Der Markt scheint klassisch unterversorgt zu sein: „Man sieht auch den Bedarf der Kunden. Ich kann wirklich sagen, in den letzten 24 bis 36 Monaten ist der Bedarf, Kunden über gewisse Schnittstellen oder über gewisse Dienstleister anzubinden, massiv angestiegen.“ Auch in der Schweiz verändern sich die B2B-Einkaufsprozesse. Nicht nur bei Großkonzernen, sondern auch im Mittelstand werden Einkaufprozess optimiert, Single-Source-Strategien für C-Teile werden durch die Digitalisierung begünstigt. „Diese Tendenz spüren wir und profitieren natürlich auch davon. Wir verkaufen ja nicht nur IT, sondern auch Betriebsmittel, über Büromaterial bis hin zu Lebensmittel für die Kaffeeecke usw.“
Amazons Einstieg in die Schweiz lässt nach wie vor auf sich warten, noch wird die Schweiz aus anderen europäischen Ländern (FR, IT, DE) beliefert. 2018 sorgte eine Vereinbarung mit der Schweizer Post über die Auslieferung für Aufsehen, doch die Branchen- und Marktexperten waren weniger schockiert. Mittlerweile erzielt Amazon ca. 700 Millionen Euro Umsatz mit Schweizer Kunden. Die Lieferungen von Alibaba und Wish steigen massiv an, die beiden fernöstlichen Plattformen erzielen gute Wachstumsraten. Digitec Galaxus, der zur Migros gehörende B2C-Marktplatz, hat 2018 die Umsatzmilliarde knapp verpasst, kann aber als führender Marktplatz in der Schweiz bezeichnet werden. Siroop ist 2015 als 100-Millionen-Franken-Marktplatzalternative von Coop und Swisscom gestartet worden, aber mittlerweile wieder eingestellt.
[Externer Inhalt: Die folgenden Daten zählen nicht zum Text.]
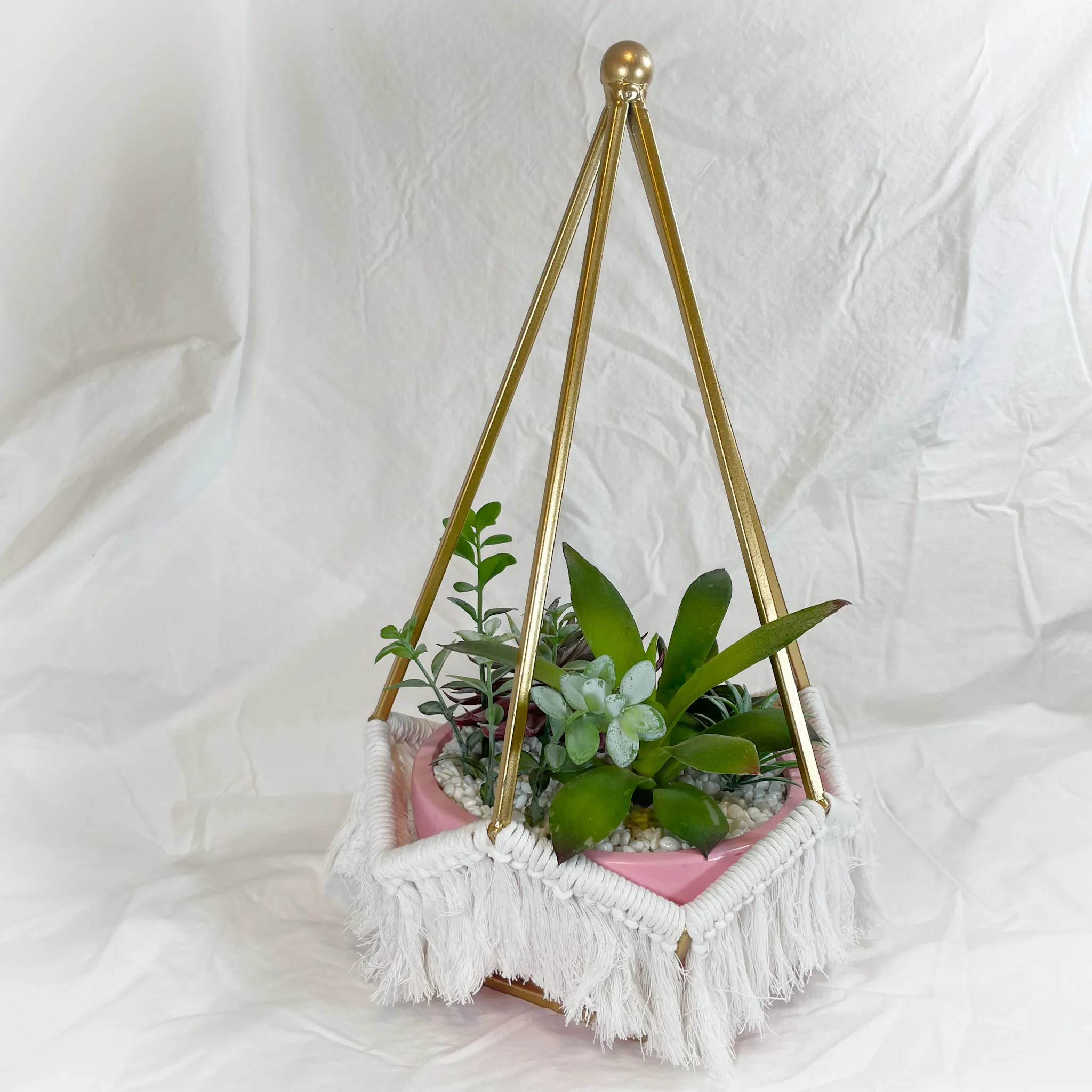 Pink Geo Succulent Container 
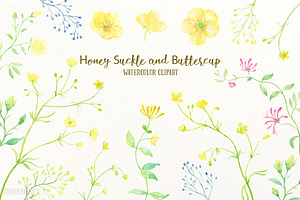 Watercolor Honeysuckle & Buttercup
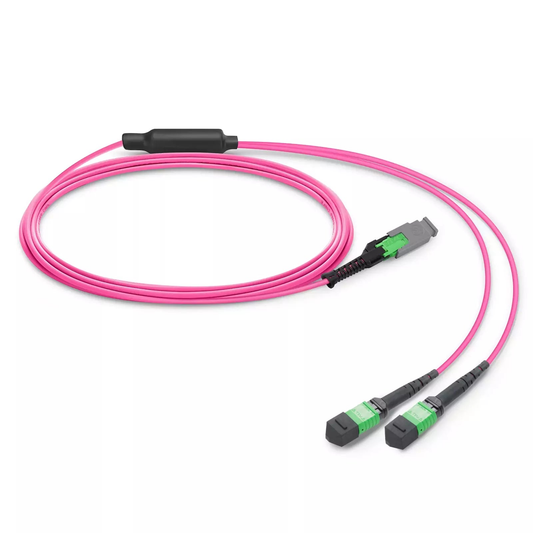 25m (82ft) MMC Breakout Cable, MMC-16 APC (Female) to 2 x MPO-8 APC (Female), 16 Fibers, Multimode (OM4), Jumper Polarity, OFNP, 2.5mm, Max IL â‰¤ 0.35dB, Magenta SFPS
Der Sprung von Deutschland in die Schweiz ist nicht so einfach, wie man ihn sich auf den ersten Blick vorstellen mag. Nicht nur der Zoll macht deutschen Lieferanten zu schaffen, die Dreisprachigkeit der Schweiz erschwert den Marktzugang und die Akzeptanz, obwohl immerhin ca. 70% der Schweiz deutschsprachig sind.